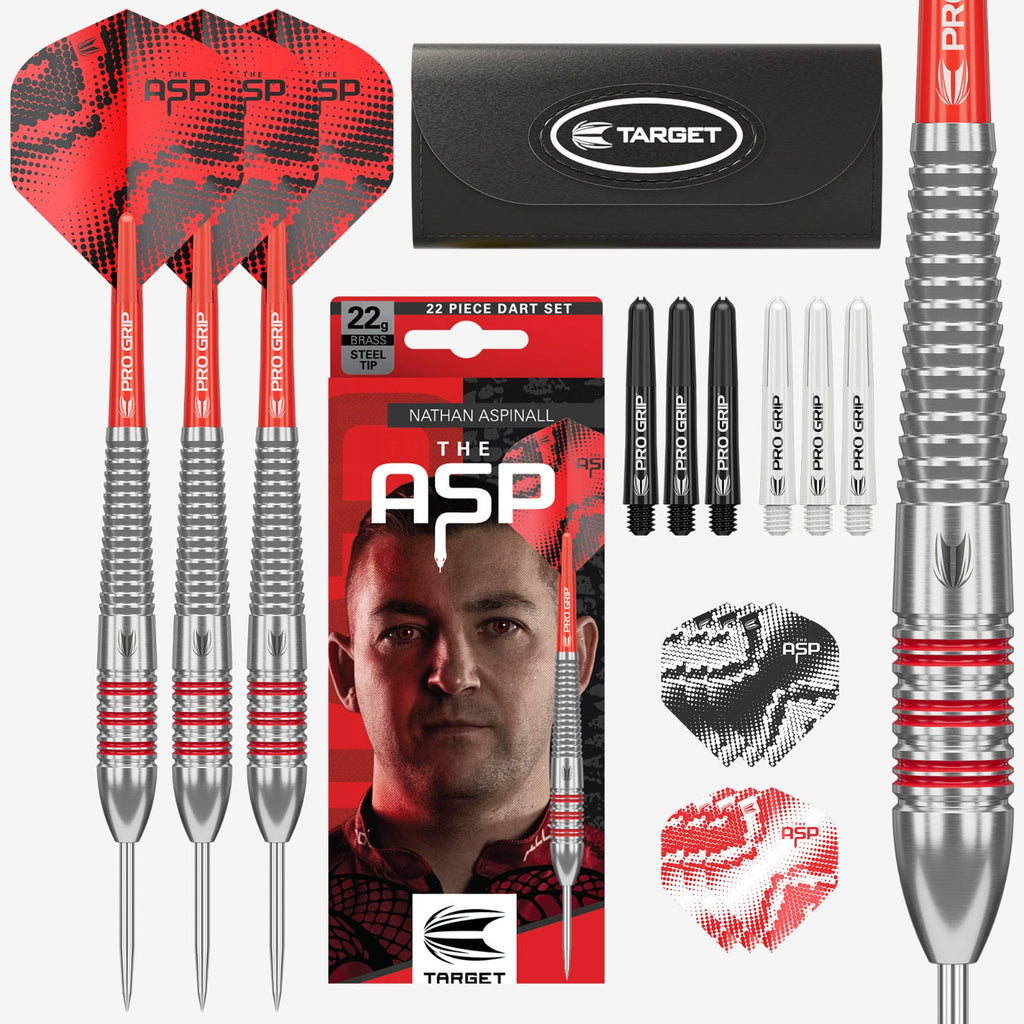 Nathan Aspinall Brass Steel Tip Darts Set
==
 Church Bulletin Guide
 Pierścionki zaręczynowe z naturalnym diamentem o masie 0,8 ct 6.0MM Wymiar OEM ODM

* Activity *
The lines above from the one containing "Church Bulletin Guide" through the one containing "Pierścionki zaręczynowe z" are to be set down exactly, and no others.

* Completed exercise *
 Church Bulletin Guide
 Pierścionki zaręczynowe z naturalnym diamentem o masie 0,8 ct 6.0MM Wymiar OEM ODM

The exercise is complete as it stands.